The Gülen Movement now operates the largest charter school network in the United States. It has at least 135 schools teaching more than 45,000 students in at least 26 states, financed by millions of U.S. taxpayer dollars a year.
The principals and school board members are usually Turkish men. Hundreds of Turkish teachers (referred to as "international teachers") and administrators have been admitted to the United States, often using H-1B visas, after claiming that qualified Americans cannot be found.
In addition, the Gülen Movement has nurtured a close-knit network of businesses and organizations run by Turkish immigrants. These include the big contractors who built or renovated the schools, plus a long list of vendors selling school lunches, uniforms, after-school programs, web design, teacher training, and special education materials.
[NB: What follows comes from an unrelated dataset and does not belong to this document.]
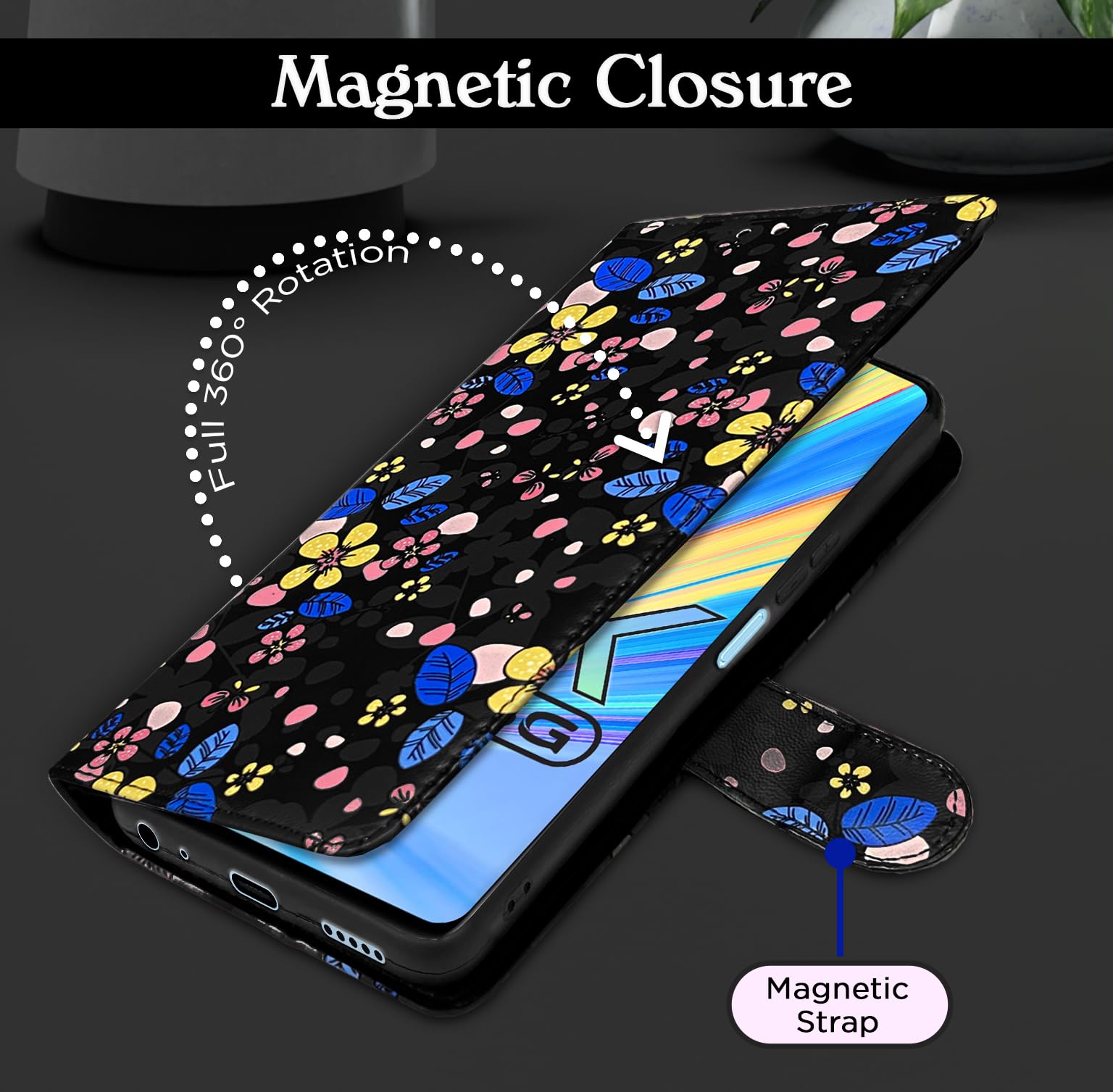 Black flower flip cover for Vivo T2X/Y16/Y56 5G – Pikkme – photo 6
Several other news sources have started to publish information about the Gülen charter schools. In Ohio, an NBC-TV station reported that Ohio taxpayers' money was used to recruit teachers for charter schools from overseas, especially from Turkey.
The Philadelphia Inquirer reported that Turkish scientists, engineers and businessmen have opened several charter schools in Pennsylvania, plus 120 charter schools in 25 states, funded with millions of taxpayer dollars. Just one charter school, called the Truebright Science Academy, received $3 million from the Philadelphia School District.
According to a guest post in the Washington Post (3-27-12), Gülen's U.S. schools are openly discussed in the Turkish press. The goal for Gülen's schools is to "teach tens of thousands of people the Turkish language, introduce them to our culture and win them over," and so the schools regularly take students to Turkey for "cultural immersion."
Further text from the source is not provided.